All secondary analyses will use fully anonymized datasets with patient identifiers removed per HIPAA Safe Harbor standards. Secondary analyses require separate IRB approval or exempt determination prior to initiation. AI algorithm development will comply with institutional AI governance policies and FDA guidance on AI/ML in medical devices.

Study Timeline

• Months 0-1: Site qualification, selection, contracting; Sealed Envelope EDC/randomization system setup; Embryo Assist software preparation
• Month 2: Site training, IRB approvals, Embryo Assist installation and validation
• Months 3-16: Patient enrollment (target: 115 patients/month across all sites)
• Month 17: Database lock and preliminary analysis
• Month 18: Complete statistical analysis and quality checks
• Month 19: Final statistical report
• Month 20: Manuscript preparation and conference abstracts Total enrollment period: 14 months (Months 3-16). Expected Impact This study addresses a critical evidence gap in reproductive medicine by providing the first adequately powered, multicenter randomized controlled trial to determine whether advanced microfluidic sperm preparation translates into meaningful improvements in clinical IVF outcomes. Existing studies are limited by small sample sizes, single-center designs, and inconsistent comparator arms, with a striking lack of method-specific analyses or power for subgroup exploration.
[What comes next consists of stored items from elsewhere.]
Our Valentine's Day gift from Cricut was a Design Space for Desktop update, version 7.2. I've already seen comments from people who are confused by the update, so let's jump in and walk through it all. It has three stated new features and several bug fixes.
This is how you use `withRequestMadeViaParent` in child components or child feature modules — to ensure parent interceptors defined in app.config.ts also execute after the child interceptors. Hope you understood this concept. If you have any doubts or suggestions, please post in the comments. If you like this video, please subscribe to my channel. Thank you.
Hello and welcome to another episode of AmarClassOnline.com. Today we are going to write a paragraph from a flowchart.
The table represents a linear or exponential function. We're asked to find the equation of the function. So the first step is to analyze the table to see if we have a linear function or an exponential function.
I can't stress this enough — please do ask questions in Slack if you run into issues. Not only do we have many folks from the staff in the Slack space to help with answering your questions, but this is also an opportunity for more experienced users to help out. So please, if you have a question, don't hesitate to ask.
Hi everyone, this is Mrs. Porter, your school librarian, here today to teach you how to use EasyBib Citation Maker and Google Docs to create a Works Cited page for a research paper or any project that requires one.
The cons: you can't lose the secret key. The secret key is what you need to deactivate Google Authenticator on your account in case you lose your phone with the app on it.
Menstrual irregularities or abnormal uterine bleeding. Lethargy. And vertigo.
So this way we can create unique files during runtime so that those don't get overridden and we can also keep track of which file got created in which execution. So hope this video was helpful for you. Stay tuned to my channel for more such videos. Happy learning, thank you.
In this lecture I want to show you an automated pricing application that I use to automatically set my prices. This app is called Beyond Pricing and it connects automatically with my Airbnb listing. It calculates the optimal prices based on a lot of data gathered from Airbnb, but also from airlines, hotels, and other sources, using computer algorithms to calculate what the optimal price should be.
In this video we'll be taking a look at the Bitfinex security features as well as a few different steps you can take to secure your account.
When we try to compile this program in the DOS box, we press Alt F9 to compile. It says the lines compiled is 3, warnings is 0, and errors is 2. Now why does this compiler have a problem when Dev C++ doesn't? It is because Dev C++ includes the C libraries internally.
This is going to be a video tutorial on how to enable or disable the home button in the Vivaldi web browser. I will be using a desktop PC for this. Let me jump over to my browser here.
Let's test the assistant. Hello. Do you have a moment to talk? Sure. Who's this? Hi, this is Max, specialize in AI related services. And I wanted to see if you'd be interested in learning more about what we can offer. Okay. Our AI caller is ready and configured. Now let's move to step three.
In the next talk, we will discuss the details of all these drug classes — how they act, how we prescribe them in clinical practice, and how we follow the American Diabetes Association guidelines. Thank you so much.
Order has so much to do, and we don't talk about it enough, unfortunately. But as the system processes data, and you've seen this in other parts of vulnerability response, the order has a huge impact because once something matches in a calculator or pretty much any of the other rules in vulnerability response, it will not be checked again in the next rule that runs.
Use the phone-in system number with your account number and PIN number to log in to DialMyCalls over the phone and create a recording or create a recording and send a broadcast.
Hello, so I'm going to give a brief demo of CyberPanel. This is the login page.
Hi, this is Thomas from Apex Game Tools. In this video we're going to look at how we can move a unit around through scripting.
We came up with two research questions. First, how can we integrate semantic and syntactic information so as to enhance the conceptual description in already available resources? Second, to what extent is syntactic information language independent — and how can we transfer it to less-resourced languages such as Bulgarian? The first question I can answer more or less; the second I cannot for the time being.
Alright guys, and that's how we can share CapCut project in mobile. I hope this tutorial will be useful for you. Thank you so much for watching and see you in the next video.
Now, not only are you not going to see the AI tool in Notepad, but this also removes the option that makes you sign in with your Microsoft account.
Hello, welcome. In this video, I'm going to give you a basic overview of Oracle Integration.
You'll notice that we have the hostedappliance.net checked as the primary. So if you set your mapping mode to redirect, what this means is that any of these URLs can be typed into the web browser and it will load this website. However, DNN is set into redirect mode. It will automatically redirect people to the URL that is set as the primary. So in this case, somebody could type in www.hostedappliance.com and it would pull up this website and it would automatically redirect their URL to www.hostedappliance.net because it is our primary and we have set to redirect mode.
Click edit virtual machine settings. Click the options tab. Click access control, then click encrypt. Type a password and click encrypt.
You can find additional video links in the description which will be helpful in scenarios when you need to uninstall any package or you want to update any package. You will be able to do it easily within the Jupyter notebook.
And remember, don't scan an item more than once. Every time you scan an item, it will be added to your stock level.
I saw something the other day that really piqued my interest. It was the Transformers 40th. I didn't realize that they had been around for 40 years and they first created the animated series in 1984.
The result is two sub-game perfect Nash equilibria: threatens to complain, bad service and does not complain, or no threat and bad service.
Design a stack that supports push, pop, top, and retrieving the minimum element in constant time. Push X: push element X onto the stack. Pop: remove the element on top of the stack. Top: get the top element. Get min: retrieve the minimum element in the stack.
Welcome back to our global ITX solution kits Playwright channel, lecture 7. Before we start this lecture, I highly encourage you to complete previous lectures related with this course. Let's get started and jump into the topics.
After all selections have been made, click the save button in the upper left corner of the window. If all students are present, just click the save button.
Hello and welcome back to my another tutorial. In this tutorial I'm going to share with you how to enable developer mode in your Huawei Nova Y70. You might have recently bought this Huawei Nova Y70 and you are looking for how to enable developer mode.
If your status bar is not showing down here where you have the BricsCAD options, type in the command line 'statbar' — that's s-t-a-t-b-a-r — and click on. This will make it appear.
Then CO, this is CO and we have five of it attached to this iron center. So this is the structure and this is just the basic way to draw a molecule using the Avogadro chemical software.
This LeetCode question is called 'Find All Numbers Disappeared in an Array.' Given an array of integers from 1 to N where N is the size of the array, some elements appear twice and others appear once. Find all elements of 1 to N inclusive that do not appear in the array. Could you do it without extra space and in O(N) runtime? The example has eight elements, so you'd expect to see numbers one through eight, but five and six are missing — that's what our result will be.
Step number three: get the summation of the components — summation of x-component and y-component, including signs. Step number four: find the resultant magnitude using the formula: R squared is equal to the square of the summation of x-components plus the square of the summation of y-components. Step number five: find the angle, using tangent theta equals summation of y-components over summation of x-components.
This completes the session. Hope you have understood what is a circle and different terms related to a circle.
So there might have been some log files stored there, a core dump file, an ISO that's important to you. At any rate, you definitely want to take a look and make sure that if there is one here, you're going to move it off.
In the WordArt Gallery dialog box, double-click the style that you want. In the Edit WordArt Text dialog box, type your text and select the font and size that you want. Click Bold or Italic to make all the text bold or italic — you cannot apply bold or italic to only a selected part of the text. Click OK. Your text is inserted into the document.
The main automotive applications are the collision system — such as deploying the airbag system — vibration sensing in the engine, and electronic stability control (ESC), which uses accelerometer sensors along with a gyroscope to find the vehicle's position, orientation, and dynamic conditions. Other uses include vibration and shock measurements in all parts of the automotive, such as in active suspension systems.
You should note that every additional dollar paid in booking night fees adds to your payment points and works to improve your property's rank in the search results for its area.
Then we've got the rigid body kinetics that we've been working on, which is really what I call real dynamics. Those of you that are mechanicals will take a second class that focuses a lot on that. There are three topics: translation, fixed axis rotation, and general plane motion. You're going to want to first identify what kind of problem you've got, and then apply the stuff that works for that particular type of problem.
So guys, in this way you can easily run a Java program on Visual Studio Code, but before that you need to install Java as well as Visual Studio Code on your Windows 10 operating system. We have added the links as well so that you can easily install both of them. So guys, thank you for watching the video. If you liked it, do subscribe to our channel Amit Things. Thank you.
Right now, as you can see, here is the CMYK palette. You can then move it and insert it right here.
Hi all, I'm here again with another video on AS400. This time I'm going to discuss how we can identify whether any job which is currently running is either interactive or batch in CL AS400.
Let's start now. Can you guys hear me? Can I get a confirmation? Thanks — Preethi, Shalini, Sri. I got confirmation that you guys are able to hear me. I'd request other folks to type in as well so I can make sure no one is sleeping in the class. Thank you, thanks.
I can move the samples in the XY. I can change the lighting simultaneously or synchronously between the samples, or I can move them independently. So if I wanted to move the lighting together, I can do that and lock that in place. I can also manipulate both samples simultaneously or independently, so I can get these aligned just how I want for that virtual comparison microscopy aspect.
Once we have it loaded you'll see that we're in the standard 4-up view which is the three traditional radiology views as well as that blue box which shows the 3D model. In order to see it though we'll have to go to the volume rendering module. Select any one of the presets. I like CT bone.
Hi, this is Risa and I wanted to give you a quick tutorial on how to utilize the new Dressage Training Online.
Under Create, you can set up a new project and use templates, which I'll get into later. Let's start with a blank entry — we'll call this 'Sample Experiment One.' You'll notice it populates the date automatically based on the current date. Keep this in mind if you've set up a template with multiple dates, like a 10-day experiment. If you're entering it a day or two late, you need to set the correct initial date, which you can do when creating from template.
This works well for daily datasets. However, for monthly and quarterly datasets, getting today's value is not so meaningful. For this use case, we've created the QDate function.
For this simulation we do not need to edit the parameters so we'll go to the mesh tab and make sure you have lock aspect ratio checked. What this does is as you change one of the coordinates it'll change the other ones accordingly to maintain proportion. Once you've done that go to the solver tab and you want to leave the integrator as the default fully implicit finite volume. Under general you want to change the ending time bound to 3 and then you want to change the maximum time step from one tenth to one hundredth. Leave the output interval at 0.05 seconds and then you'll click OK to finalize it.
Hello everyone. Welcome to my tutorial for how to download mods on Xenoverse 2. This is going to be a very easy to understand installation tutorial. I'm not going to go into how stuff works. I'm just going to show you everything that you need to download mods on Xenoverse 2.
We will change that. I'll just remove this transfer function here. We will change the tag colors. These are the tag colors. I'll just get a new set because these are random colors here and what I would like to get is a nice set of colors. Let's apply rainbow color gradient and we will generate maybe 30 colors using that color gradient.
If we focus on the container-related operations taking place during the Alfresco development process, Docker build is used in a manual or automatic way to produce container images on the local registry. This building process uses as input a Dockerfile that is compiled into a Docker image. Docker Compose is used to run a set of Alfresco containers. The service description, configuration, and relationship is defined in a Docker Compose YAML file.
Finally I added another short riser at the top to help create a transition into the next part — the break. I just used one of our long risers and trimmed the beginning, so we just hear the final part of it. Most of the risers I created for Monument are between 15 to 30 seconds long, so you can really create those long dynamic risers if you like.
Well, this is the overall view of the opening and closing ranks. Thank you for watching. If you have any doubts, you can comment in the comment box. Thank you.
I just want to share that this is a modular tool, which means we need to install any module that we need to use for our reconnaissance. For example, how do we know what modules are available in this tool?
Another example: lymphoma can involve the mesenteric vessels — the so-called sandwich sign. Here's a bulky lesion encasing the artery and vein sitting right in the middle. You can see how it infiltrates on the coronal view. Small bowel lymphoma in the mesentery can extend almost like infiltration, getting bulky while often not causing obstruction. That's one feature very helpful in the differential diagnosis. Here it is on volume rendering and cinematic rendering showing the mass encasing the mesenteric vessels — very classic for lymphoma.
An anticipated gain of 7.0 percentage points in blastocyst utilization could reduce the number of IVF cycles needed per live birth, advancing care for millions of couples affected by male factor infertility. Progressive motility improvements (expected +7.5 percentage points) will be assessed as supportive laboratory measures of sperm quality enhancement.

By combining rigorous clinical endpoint assessment with practical workflow analysis, this trial will empower ART laboratories with high-quality evidence for sperm preparation method selection, supporting precision medicine approaches in reproductive care.